Canal du Rhône à Sète : restitution des travaux de concertation

Suite à la remise d’un rapport du CGEDD (Conseil Général de l’Environnement et du Développement Durable) sur le devenir du canal du Rhône à Sète, Étienne Guyot, préfet de la région Occitanie, préfet de la Haute‐Garonne, a souhaité lancer une concertation territoriale en y associant l’ensemble des acteurs concernés, afin de réinterroger les orientations stratégiques de ce même canal. Il a chargé le préfet François Lalanne d’animer cette concertation. L’objectif de cette concertation est d’éclairer le Gouvernement et le préfet d’Auvergne‐Rhône‐Alpes, coordonnateur du plan Rhône‐Saône sur les décisions d’investissement à prendre dans le cadre du Plan Rhône‐ Saône et du prochain contrat de plan Occitanie État‐Région 2021‐2027.

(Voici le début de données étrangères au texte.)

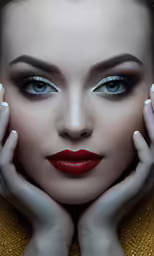 the woman is wearing red lipstick and long lashes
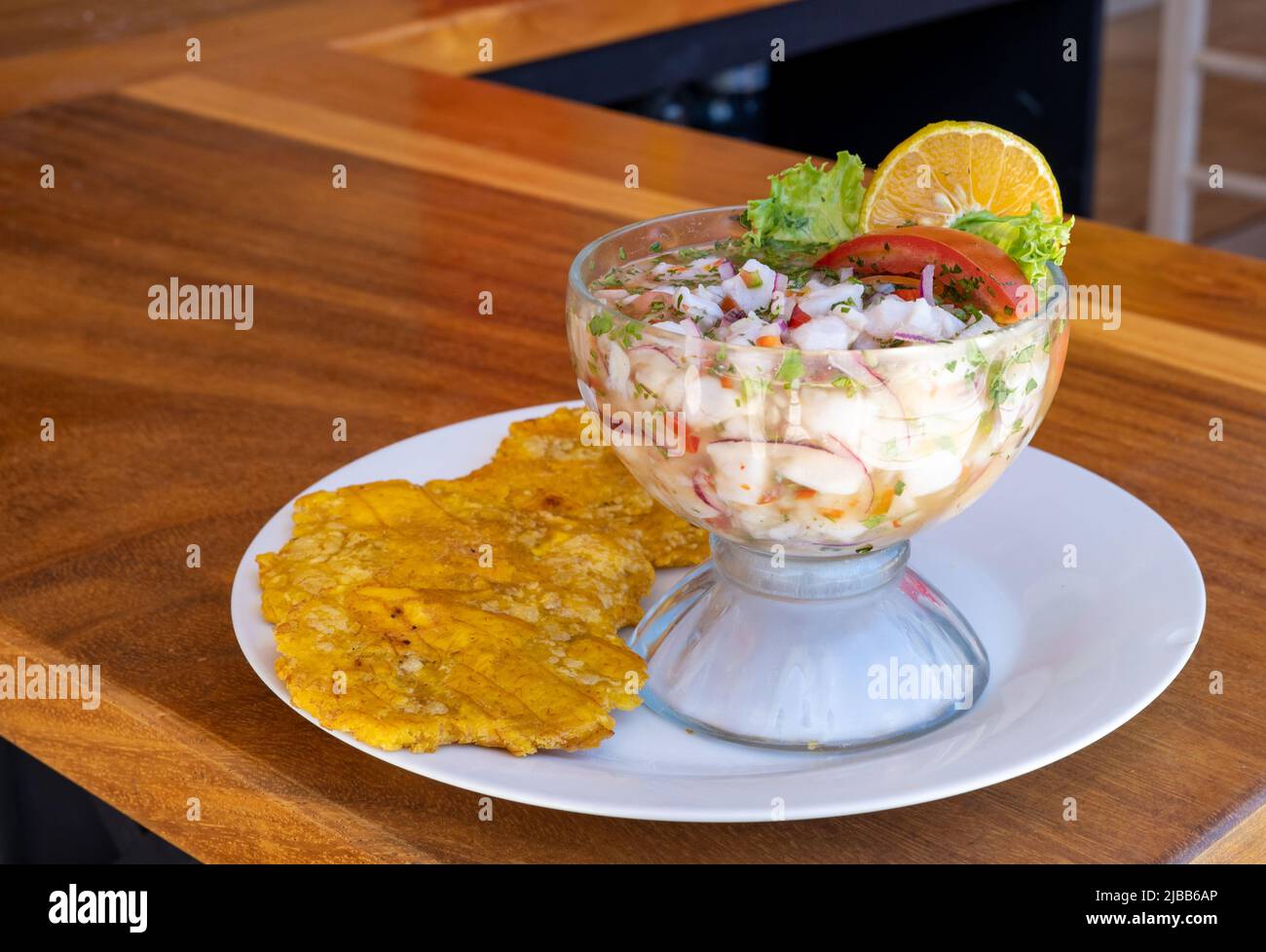 Delicious fish ceviche with patacones from Costa Rica Stock Photo Alamy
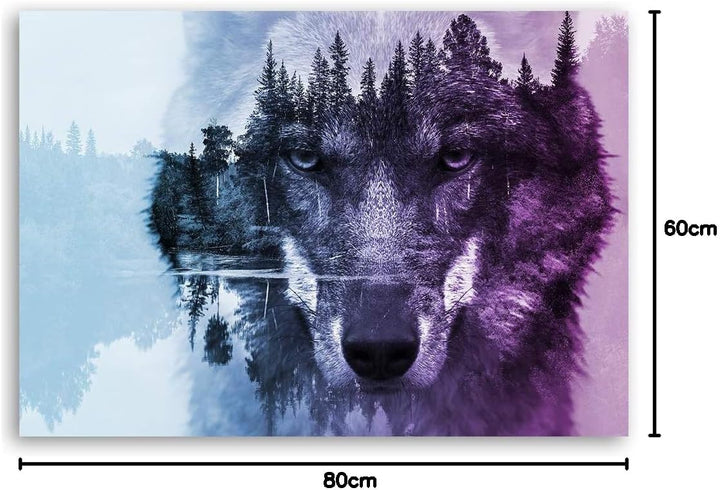 Feeby Bild auf Leinwand Wolf Kunstdruck modern Natur Violett 80x60 cm Leinwandbild 80x60 cm Violett_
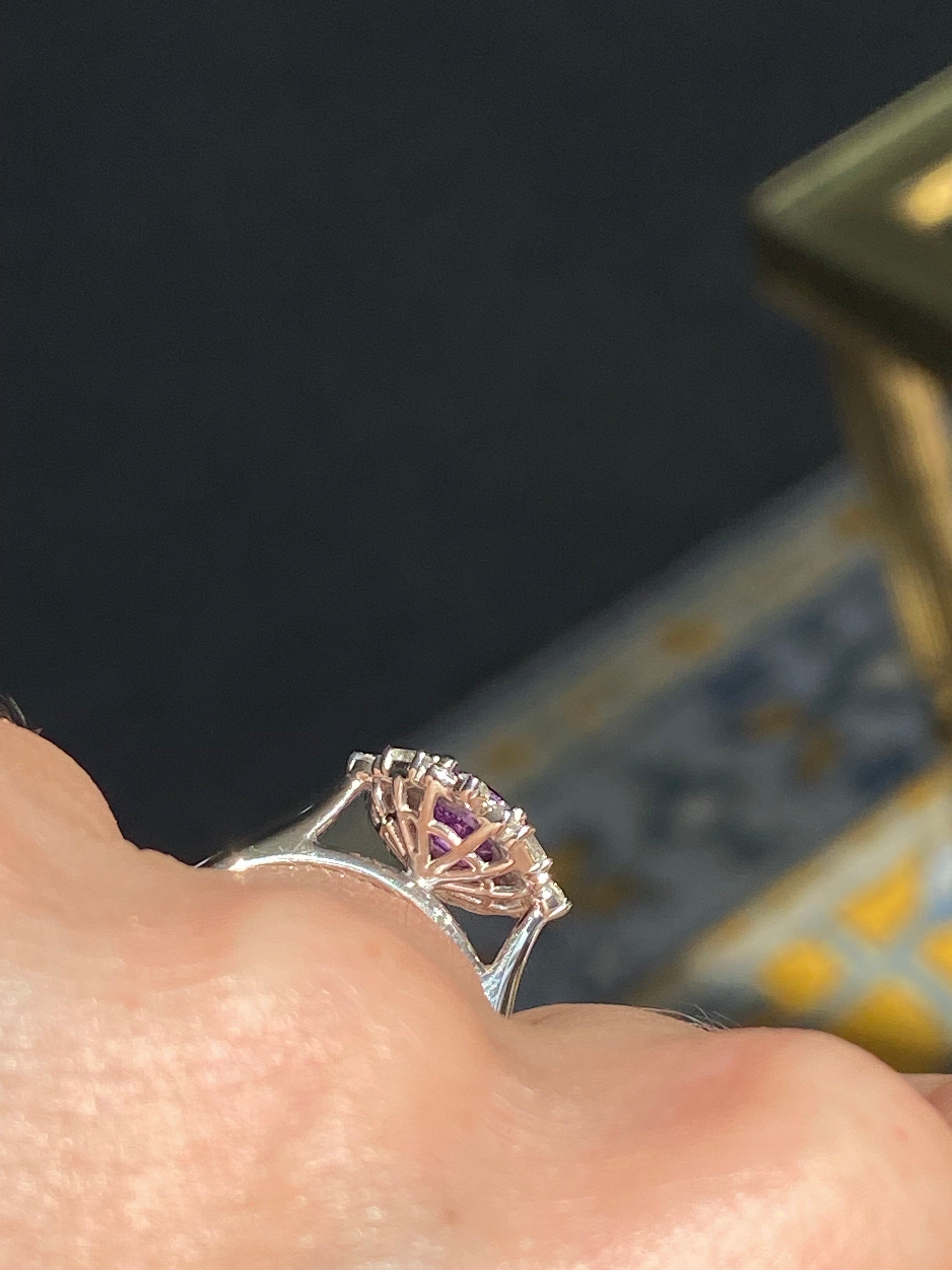 1.20 Carat Purple Sapphire and 0.41ctw Natural Diamond Halo Ring in Platinum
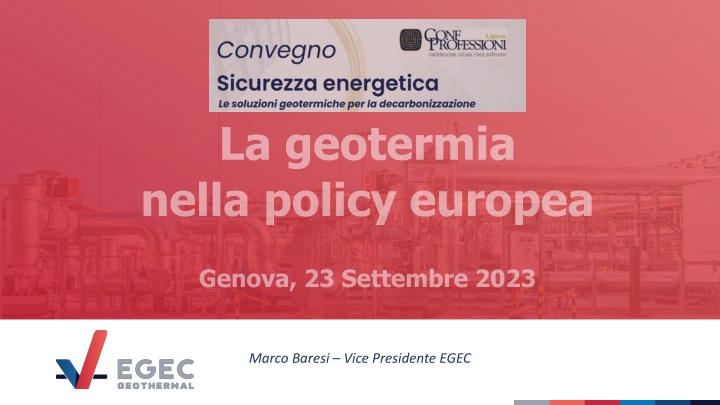 Overview of Geothermal Energy in Europe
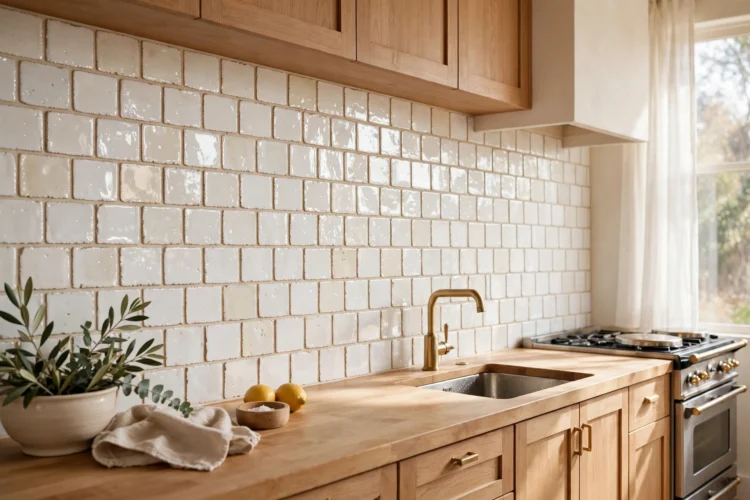 Glossy white zellige tile backsplash in offset running bond behind a kitchen counter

La concertation s’est tenue sous forme d’ateliers sur les thématiques environnement, tourisme et fret. En parallèle, les citoyens étaient invités à contribuer à cette réflexion en faisant remonter leurs avis, attentes et propositions en matière de services et d’usages. La restitution des travaux de la concertation territoriale a été rendue publique le 12 février dernier, vous en trouverez ci-dessous les principales conclusions. Vous pouvez retrouver le rapport dans son intégralité à la fin de cet article.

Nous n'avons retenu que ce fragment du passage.